Task brief:
Make an exact copy of the listing below. Pictures stay out of it.
Supplied information section start
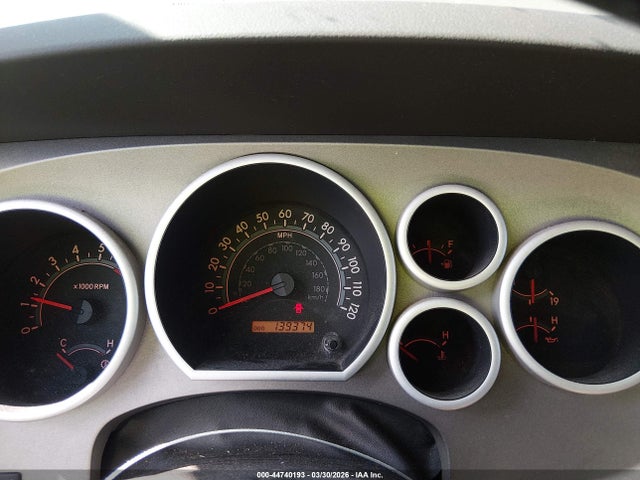 2010 Toyota Tundra Grade 5.7l V8 მანქანა იყიდება აუქციონზე, vin: 5TFEY5F1XAX082145, აუქციონის ნომერი: 44740193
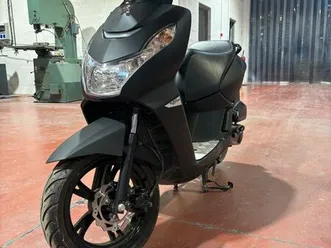 scooter kisbee black edition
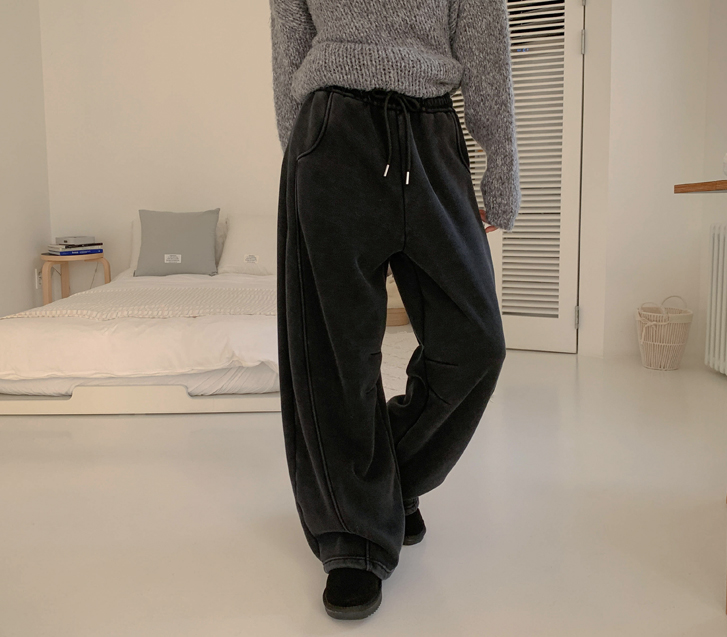 Classy raised pig pin tuck cut wide training pants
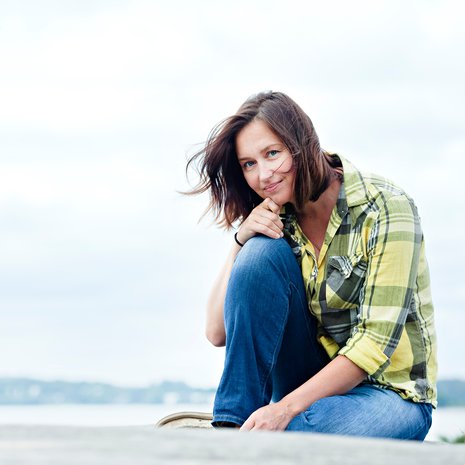 Kirjailijan esikoisromaani kertoi lapsuudesta alkoholiperheessä. 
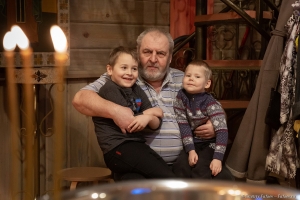 Портрет перед крещением. Фотограф на крещение Дмитрий Фуфаев.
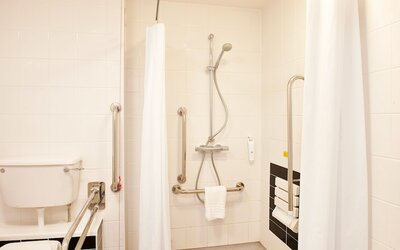 Holiday Inn Express Manchester Airport by IHG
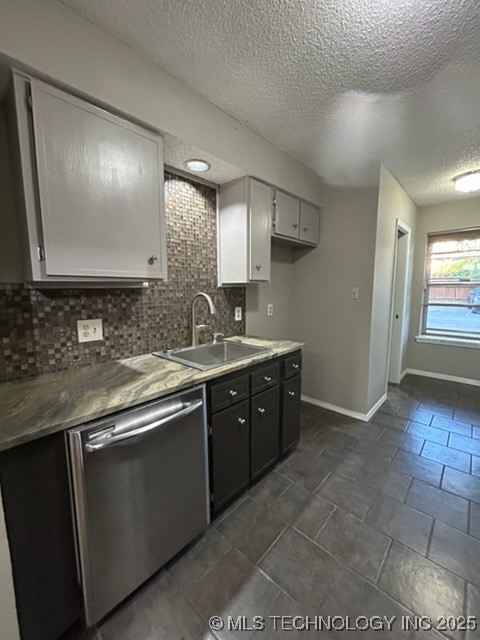 2221 E 67th Street 1310 Property Photo 5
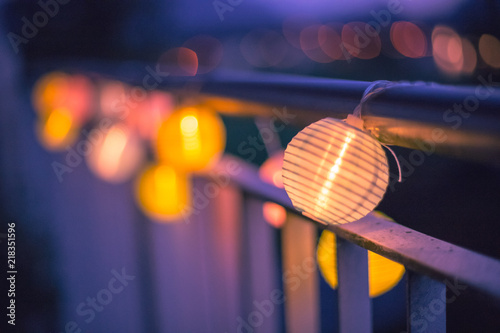 Bunte Papierlaternen an einem lauen Sommerabend, Gartenparty photo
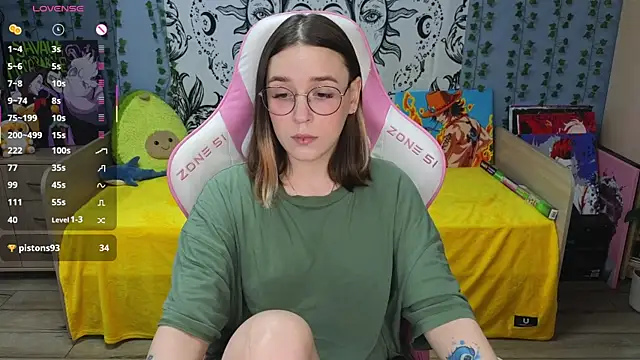 Snapshot of Sweet_frosti chatting on March 18, 2025, 1:57 am Sweet frosti online show from March 18, 2025, 1:57 am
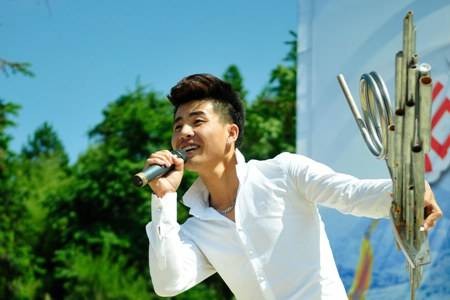 杨宝(出生于中国黔东南自治州的男歌手)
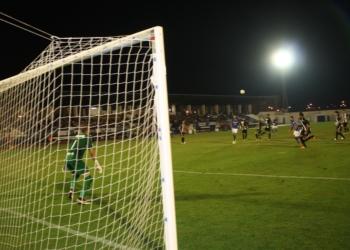 La UD Melilla baja hasta la quinta plaza de la tabla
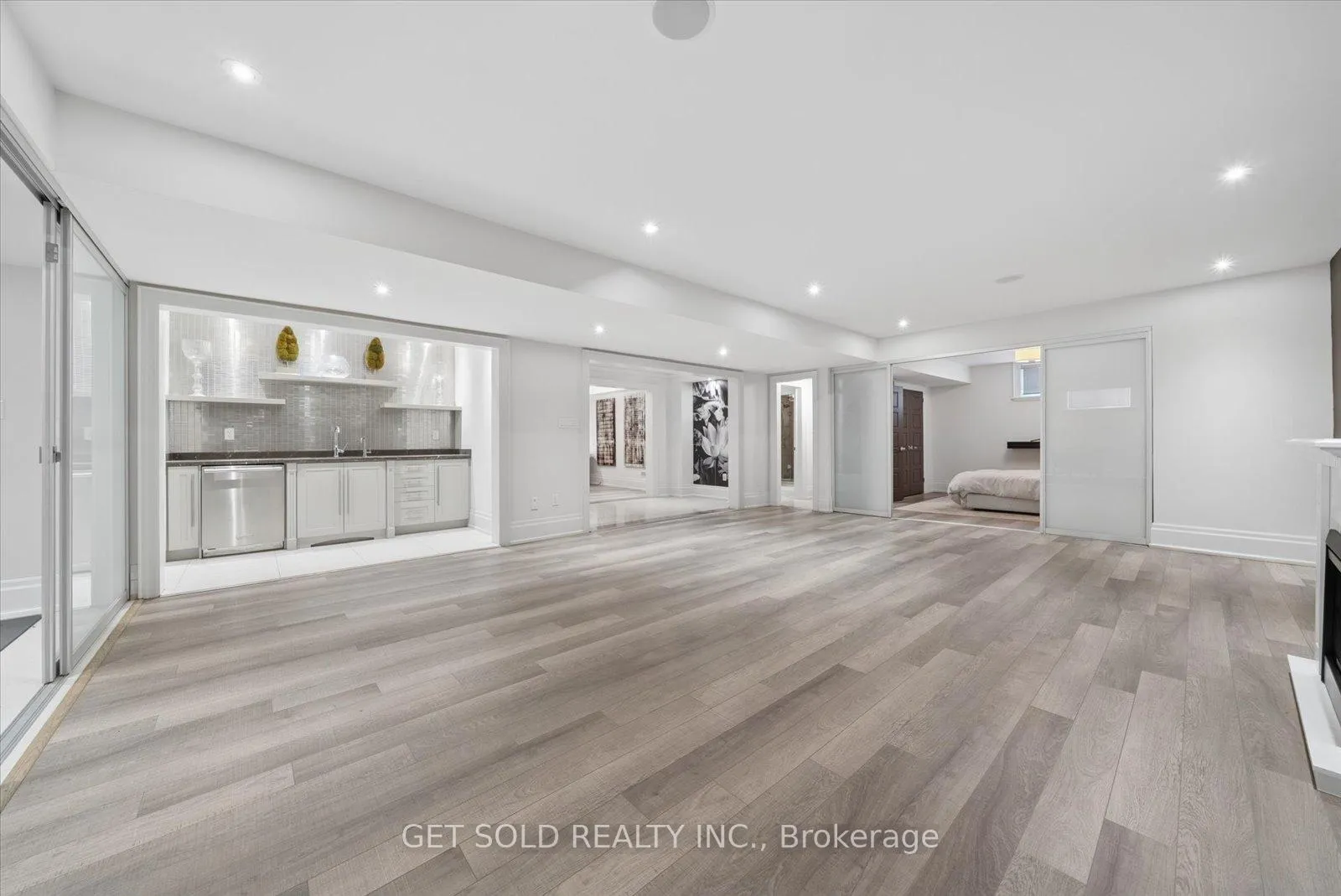 Photo 38 of 8 Thornhill Avenue, Vaughan, Uplands — HOMEH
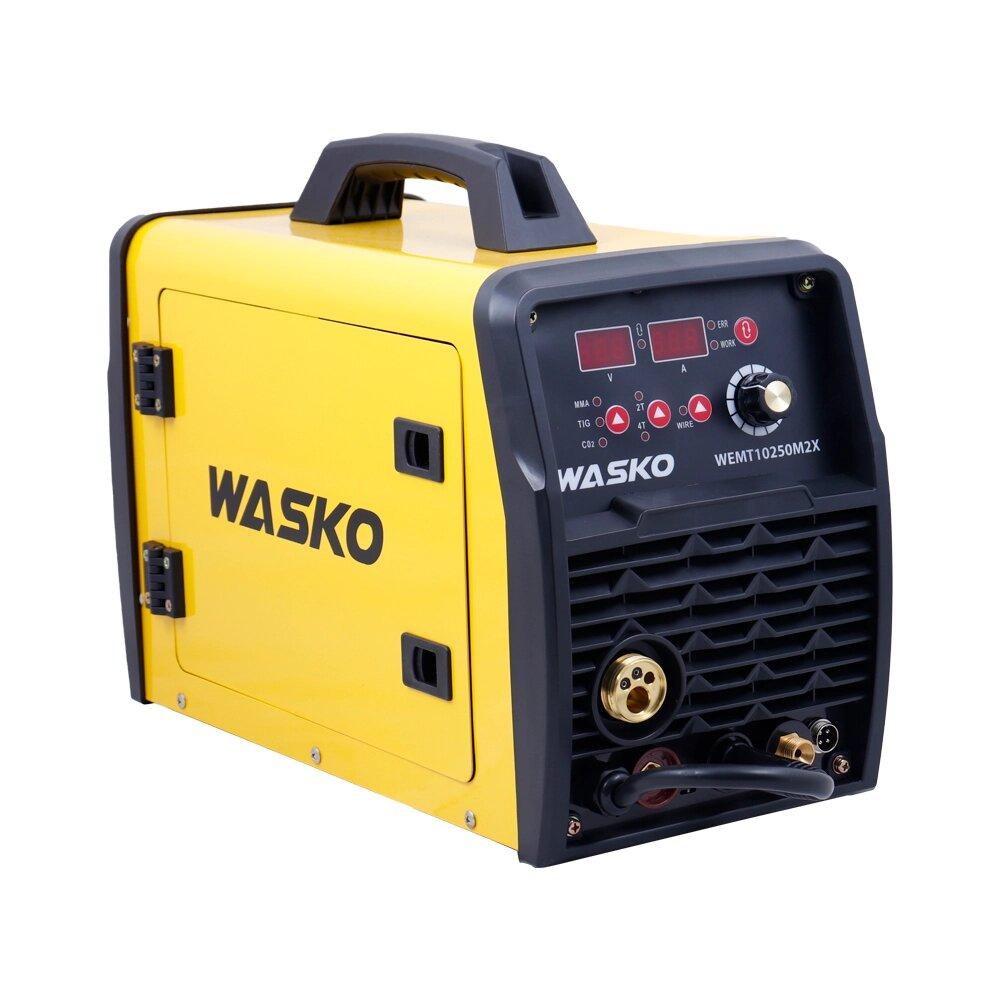 WEMT10250M2X – Soldador WASKO 250A MMA TIGLIFT MIG 5KG 220V El soldador WEMT10250M2X de WASKO ofrece versatilidad y alto rendimiento en trabajos de soldadura MMA, TIG Lift y MIG, adaptándose a distintas necesidades profesionales. Con una potencia de 250A, permite realizar soldaduras precisas y seguras, brindando resultados óptimos en cada proyecto. WASKO es tu mejor aliado para garantizar uniones firmes y confiables con tecnología de vanguardia. Su diseño compacto y resistente asegura durabilidad y eficiencia incluso en condiciones exigentes. 

Especificaciones

- Voltaje en vacío: 60V
- Frecuencia: 50-60
- Rango de espesor-
- Ciclo de trabajo: 1.6-5MM
- Modelo: WEMT10250M2X
- Tipo de electrodo: E6013-E7018
- Rango de amperaje: 20-250A
- Tipo de Producto: SOLDADOR
- Marca: WASKO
Supplied information section end
Finished task:
 2010 Toyota Tundra Grade 5.7l V8 მანქანა იყიდება აუქციონზე, vin: 5TFEY5F1XAX082145, აუქციონის ნომერი: 44740193
 scooter kisbee black edition
 Classy raised pig pin tuck cut wide training pants
 Kirjailijan esikoisromaani kertoi lapsuudesta alkoholiperheessä. 
 Портрет перед крещением. Фотограф на крещение Дмитрий Фуфаев.
 Holiday Inn Express Manchester Airport by IHG
 2221 E 67th Street 1310 Property Photo 5
 Bunte Papierlaternen an einem lauen Sommerabend, Gartenparty photo
 Snapshot of Sweet_frosti chatting on March 18, 2025, 1:57 am Sweet frosti online show from March 18, 2025, 1:57 am
 杨宝(出生于中国黔东南自治州的男歌手)
 La UD Melilla baja hasta la quinta plaza de la tabla
 Photo 38 of 8 Thornhill Avenue, Vaughan, Uplands — HOMEH
 WEMT10250M2X – Soldador WASKO 250A MMA TIGLIFT MIG 5KG 220V El soldador WEMT10250M2X de WASKO ofrece versatilidad y alto rendimiento en trabajos de soldadura MMA, TIG Lift y MIG, adaptándose a distintas necesidades profesionales. Con una potencia de 250A, permite realizar soldaduras precisas y seguras, brindando resultados óptimos en cada proyecto. WASKO es tu mejor aliado para garantizar uniones firmes y confiables con tecnología de vanguardia. Su diseño compacto y resistente asegura durabilidad y eficiencia incluso en condiciones exigentes. 

Especificaciones

- Voltaje en vacío: 60V
- Frecuencia: 50-60
- Rango de espesor-
- Ciclo de trabajo: 1.6-5MM
- Modelo: WEMT10250M2X
- Tipo de electrodo: E6013-E7018
- Rango de amperaje: 20-250A
- Tipo de Producto: SOLDADOR
- Marca: WASKO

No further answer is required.